**What is expected**:
Setting aside any pictures, reproduce the data exactly.

**Data segment**:
[Start of section]

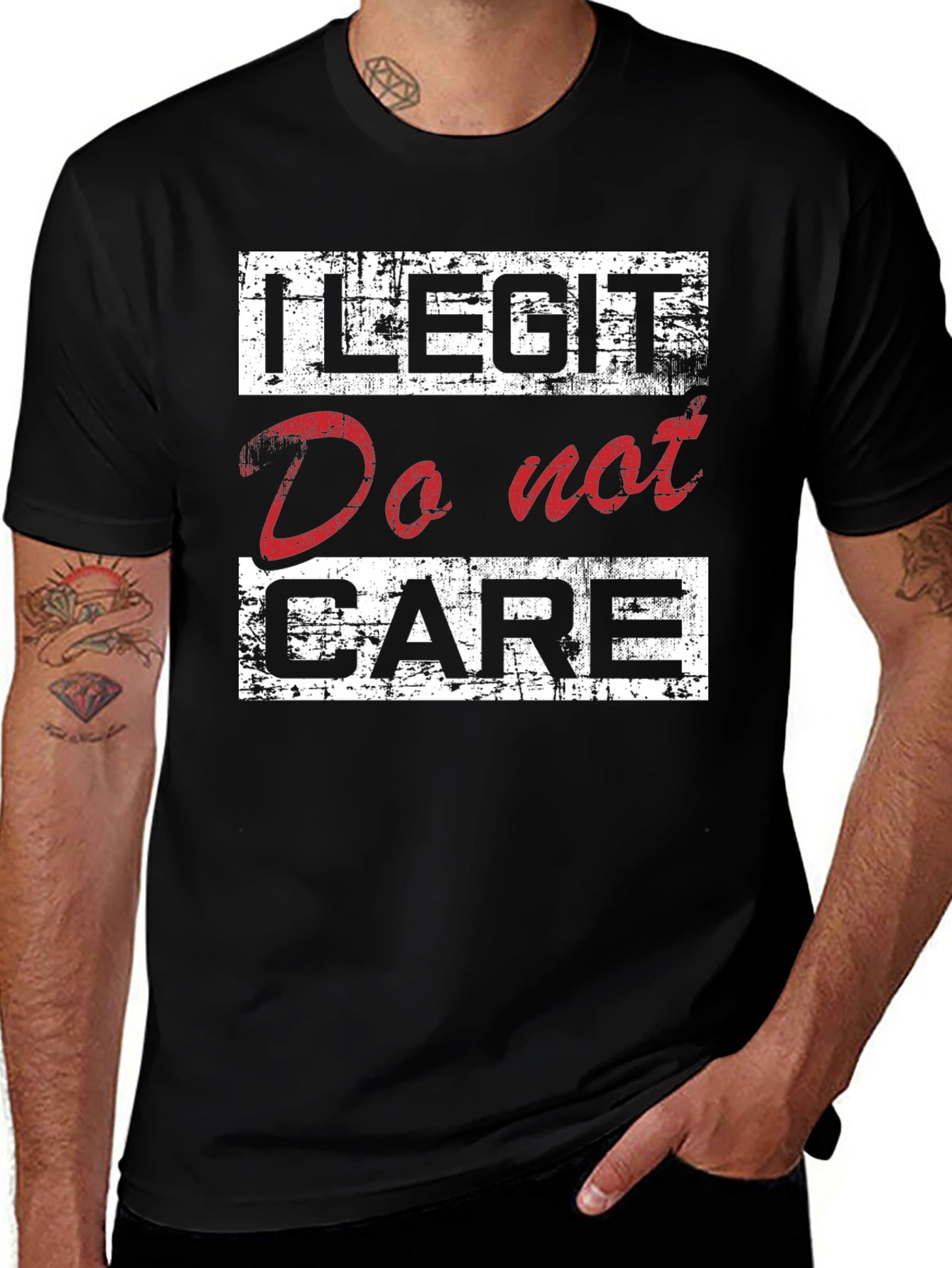 Variant 5 of I Legit Do Not Care Graphic T-Shirt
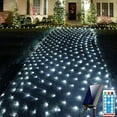 Solar Net Lights Outdoor, 240 LED Cool White Mesh Lights Waterproof, 11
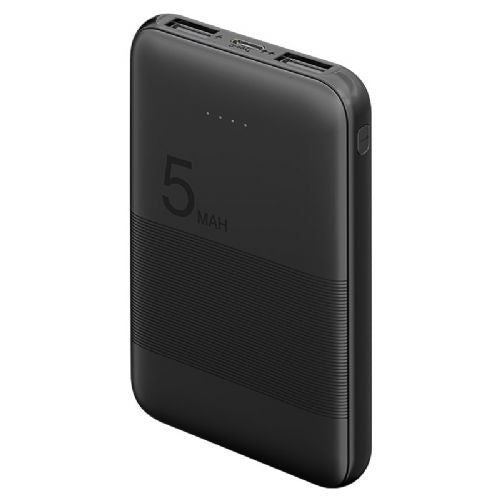 GOOBAY PowerBank 5,000mAh USB-C black portable battery
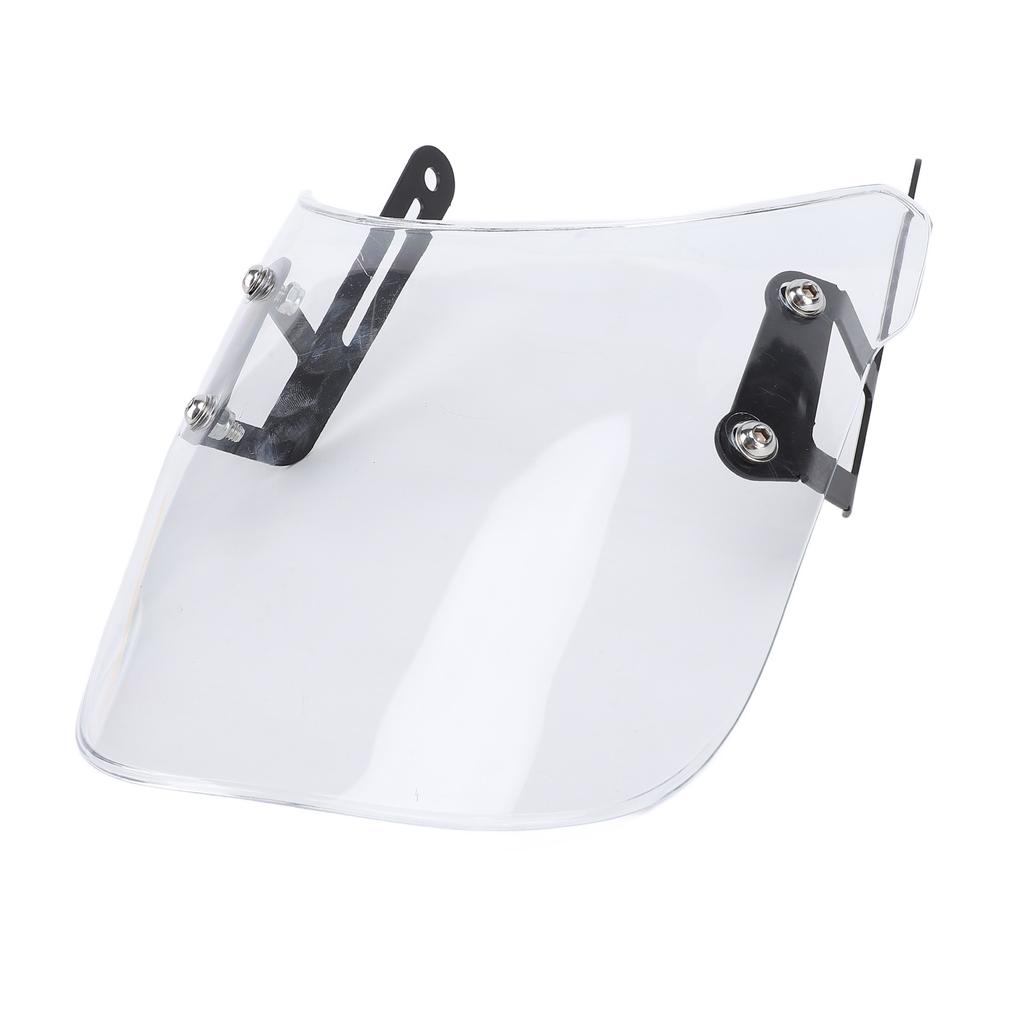 Motorcycle Front Windshield Unbreakable PMMA Panel Front Wind Deflector with Mount Bracket for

[End of section]

**Exercise response**:
 Variant 5 of I Legit Do Not Care Graphic T-Shirt
 Solar Net Lights Outdoor, 240 LED Cool White Mesh Lights Waterproof, 11
 GOOBAY PowerBank 5,000mAh USB-C black portable battery
 Motorcycle Front Windshield Unbreakable PMMA Panel Front Wind Deflector with Mount Bracket for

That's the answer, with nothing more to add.